2012–2016: Venezuela Becomes a Failed State

After the death of Chávez in either December 2012 or early 2013 (Venezuelans have never known the exact date or cause of death), former Finance Minister Jorge Giordani denounced the manner in which the huge loans received from China had been largely utilized to finance the Chávez presidential campaign in 2012, when he was already a dying man and clearly incapable of surviving another six-year term as president. Giordani admitted that the electoral victory of Chávez had been obtained thanks to a significant portion of the $60 billion in loans received from China and to the use of inorganic money (paper currency without gold backing) printed by the Venezuelan Central Bank.14Although victorious, Chávez was dying, and before leaving Venezuela to be treated in Cuba for the last time, he asked Venezuelans to accept Nicolas Maduro as his replacement. Acting on his wishes, the regime violated electoral regulations in order to designate Maduro as a candidate. His narrow electoral victory over the opposition candidate, Henrique Capriles, was so murky that the United States withheld recognition of the new government. U.S. Secretary of State John Kerry demanded a recount.15 Fearing a massacre of civilians if he took to the streets, Capriles ceased in his claims of fraud, and the United States was left without basis to keep challenging the results of the election.

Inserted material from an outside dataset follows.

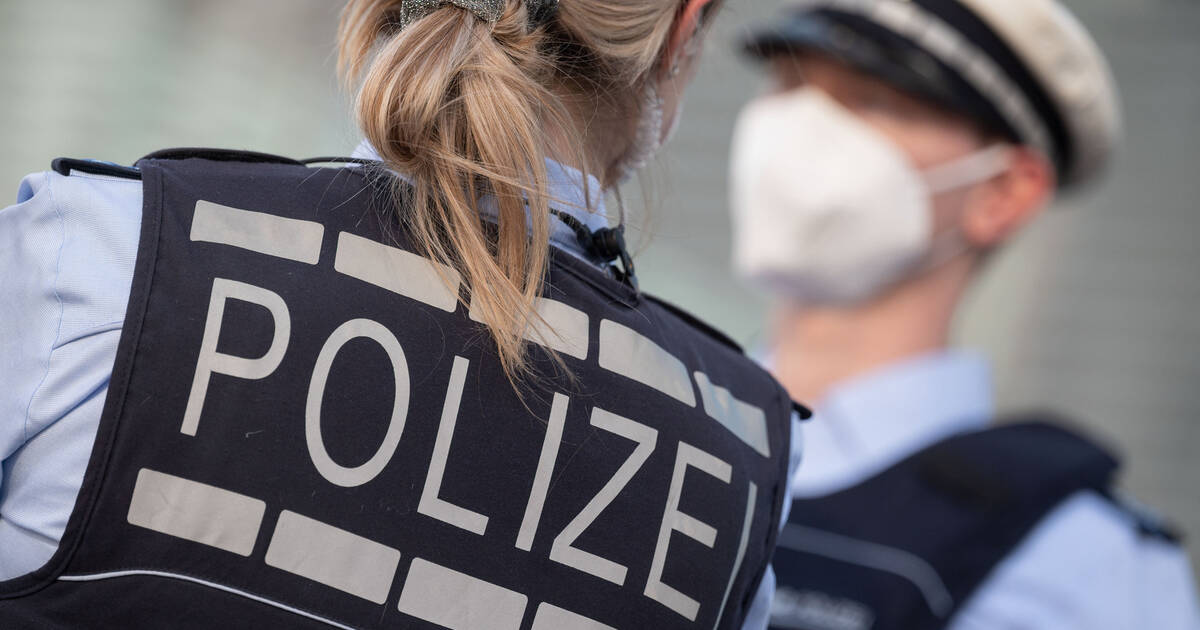 Mannheim: Betrunkener rammt mit seinem Auto mehrere Fahrzeuge - Polizeiberichte aus Rhein-Neckar-Odenwald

Under Maduro’s presidency (2013 to 2017), Venezuela has been almost totally destroyed. Consider this evidence:

  • According to former Secretary General of the United Nations Ban Ki Moon, Venezuela is in a state of humanitarian crisis, with food and medicine severely restricted and thousands of Venezuelans leaving the country by land, air, and sea.16
  • Medicine sent to Venezuela by charitable organizations is not allowed to enter the country, or it is confiscated by regime customs agents for their own purposes.17
  • Inflation is at 500 percent, the highest in the world.18
  • The national murder rate is at some fifty-eight deaths per one hundred thousand inhabitants, the second highest rate in the world, while the murder rate in Caracas is 119 deaths per one hundred thousand inhabitants.19
  • Large gangs of armed criminals called “colectivos” control large areas in the capital city of Caracas. In other cities, they are engaged in war with the armed forces.
  • In 2015, Venezuela was listed as the ninth most corrupt country in the world by Transparency International.20
  • Venezuela was rated by the knowledge web-portal globalEDGE as having “the highest-risk political and economic situation and the most difficult business environment. Corporate default is likely.” 21
  • PDVSA, the state oil company, has suffered a production drop of about eight hundred thousand barrels per day since 1998.22 The country needs the price of oil to be at least $80 per barrel to make ends meet, but the price of oil remains much lower than that, and no relief is in sight.
  • About a dozen high level members of the government, including ministers, generals of the armed forces, and state governors, have been named by the U.S. government for violating human rights or for engaging in drug trafficking.
  • Members of the Venezuelan armed forces at all levels, including those in the National Guard and the Army, are significantly involved in drug trafficking, while the High Military Command is openly backing the unconstitutional government of Maduro. Diosdado Cabello, considered the number two man in the government hierarchy, has been denounced as being the czar of the Venezuelan military drug cartel by a former bodyguard who is currently in the United States as a protected witness.23
  • Two nephews of Maduro, raised by his wife, Cilia Flores, have been convicted in a New York court of drug trafficking. They were holding Venezuelan diplomatic passports and enjoyed a lifestyle only possible as a privileged member of the Venezuelan regime.
  • The Supreme Tribunal of Justice is completely made up of Maduro’s followers. The president of the Tribunal, Maikel Moreno, was arrested in 1987 for murder.24
  • The Supreme Tribunal of Justice has systematically invalidated all activities of the Venezuelan National Assembly, duly elected in December 2015, to the point that opposition lawmakers denounced the actions as “a rupture of the constitutional order” in the country, and the secretary–general of the OAS, Luis Almagro, “threatened to invoke the Inter-American Democratic Charter, which could lead to sanctions being imposed on Venezuela.”25

These and other components of the current Venezuelan political, economic, and social situation characterize the country as a failed state, defined as “a nation in which the government has lost political authority and control and is unable to fulfill the basic responsibilities of a sovereign state.”26The only entities still working in an organized manner are the police and the armed forces, which are engaged in the repression of Venezuelan citizens.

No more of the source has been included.